Transcribe the listing below word for word but skip its images.
** Exercise inputs follows **
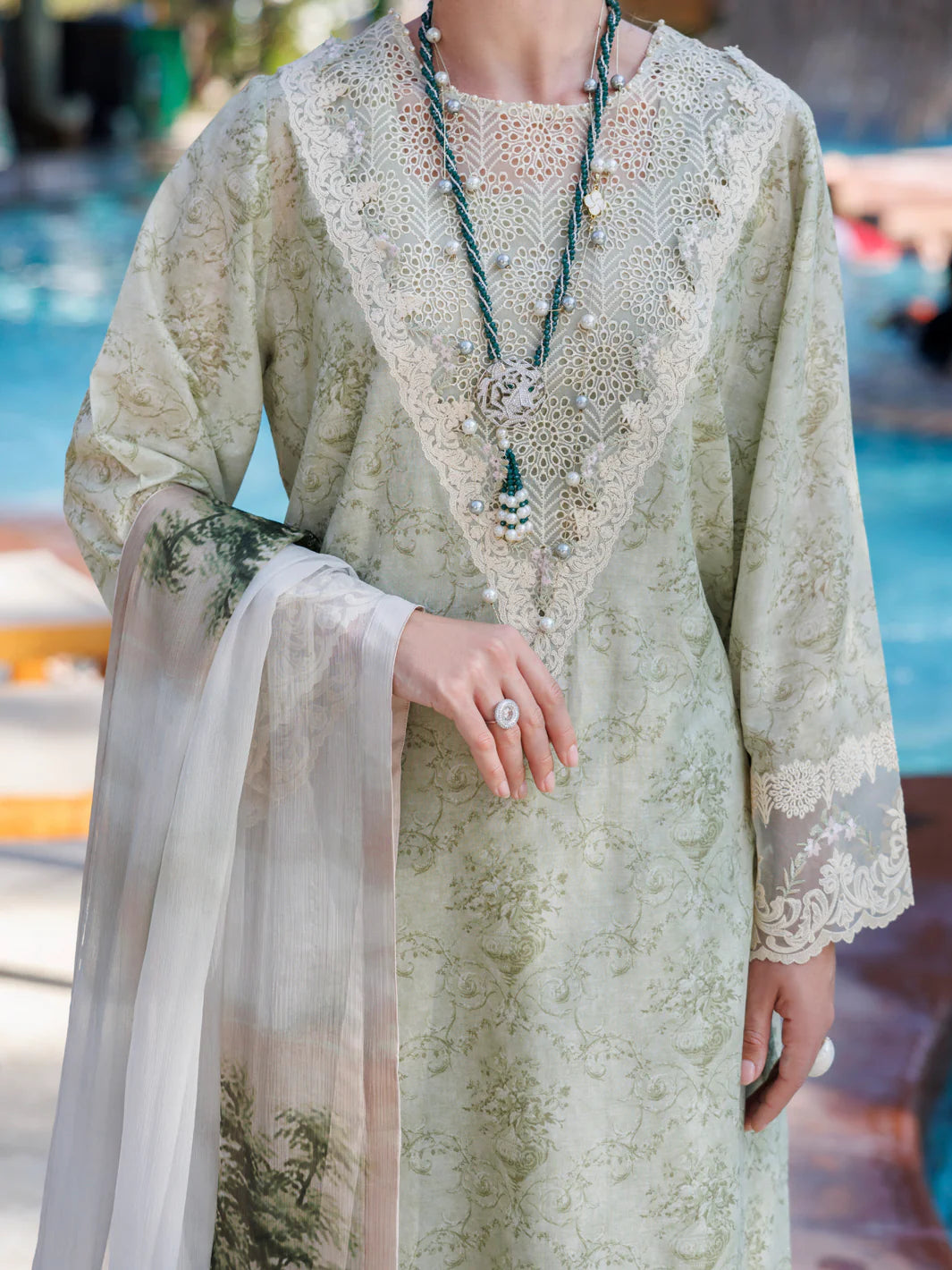 Almirah 3Pc Embroidery Lawn Suit ALP-3PS-1994 gulbuy.com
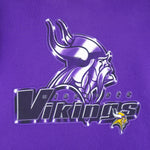 NFL (Pro Player) - Minnesota Vikings Crew Neck Sweatshirt 1990s Large Vintage retro football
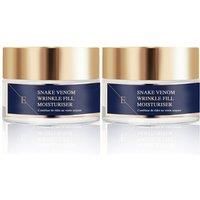 2 x Wrinkle Fill Snake Venom Moisturiser 50ml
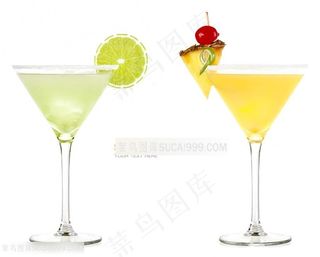 美味鸡尾酒饮料高清图片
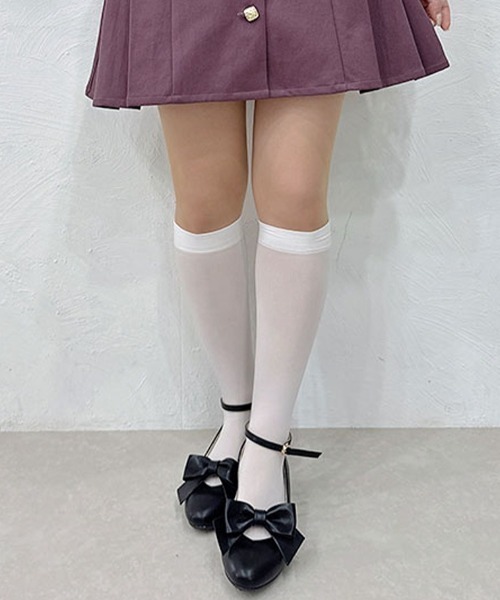an another angelus(アンアナザーアンジェラス)の「リボン付きアンクルストラップパンプス/fint フィント(パンプス・レディース・ブラック/ボルドー・L/S/M)」の17枚目の写真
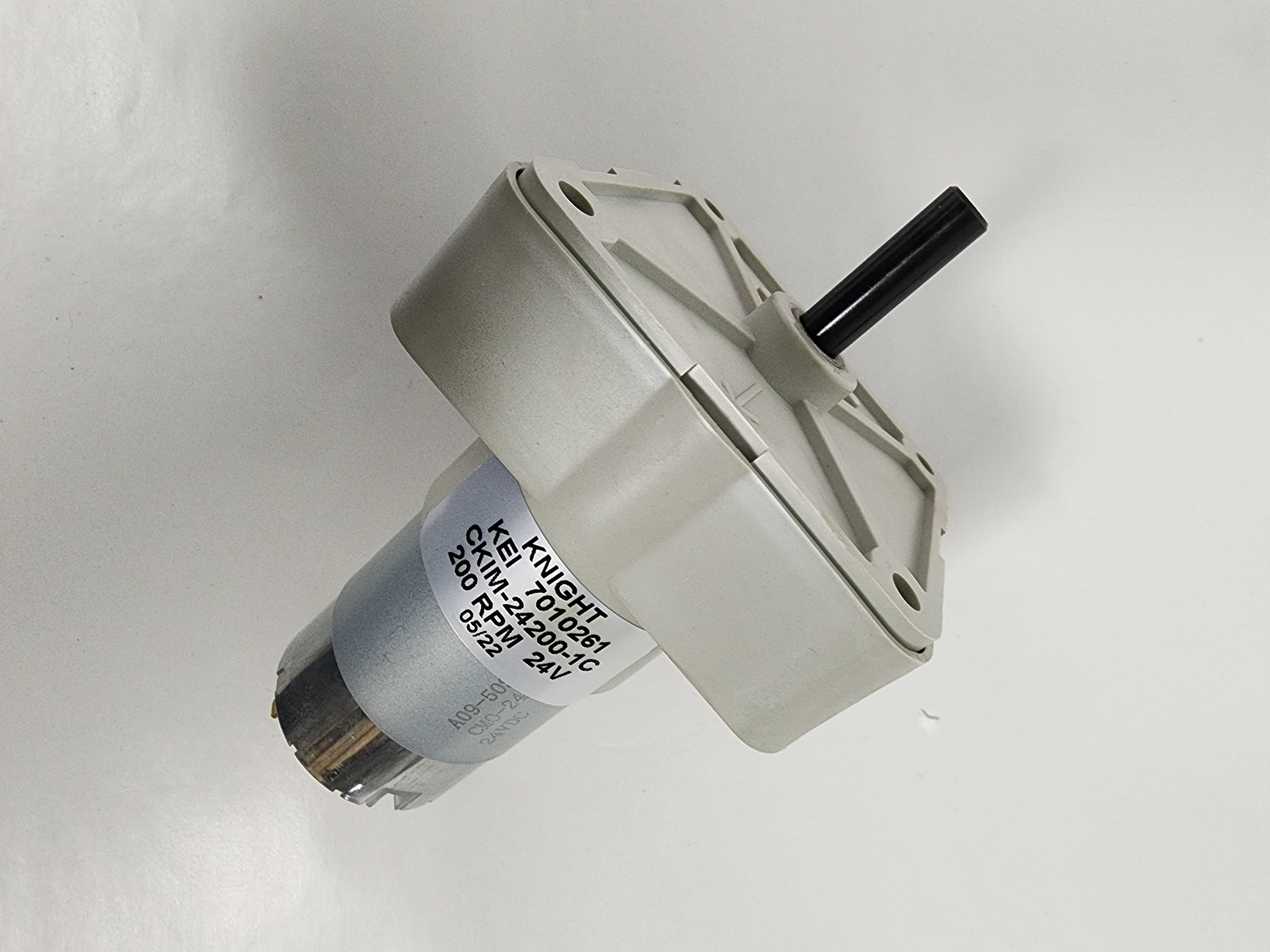 (image for) Knight 200 RPM, 24 VDC, with Cap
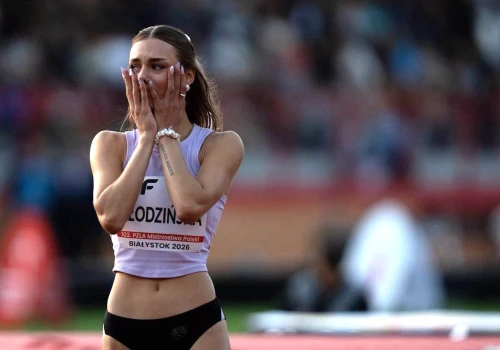 Postawiła na lekkoatletykę kosztem modelingu. I zdobyła złoto na Mistrzostwach Polski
** End of Exercise inputs **
• _Answer section_:
 Almirah 3Pc Embroidery Lawn Suit ALP-3PS-1994 gulbuy.com
 NFL (Pro Player) - Minnesota Vikings Crew Neck Sweatshirt 1990s Large Vintage retro football
 2 x Wrinkle Fill Snake Venom Moisturiser 50ml
 美味鸡尾酒饮料高清图片
an another angelus(アンアナザーアンジェラス)の「リボン付きアンクルストラップパンプス/fint フィント(パンプス・レディース・ブラック/ボルドー・L/S/M)」の17枚目の写真
 (image for) Knight 200 RPM, 24 VDC, with Cap
 Postawiła na lekkoatletykę kosztem modelingu. I zdobyła złoto na Mistrzostwach Polski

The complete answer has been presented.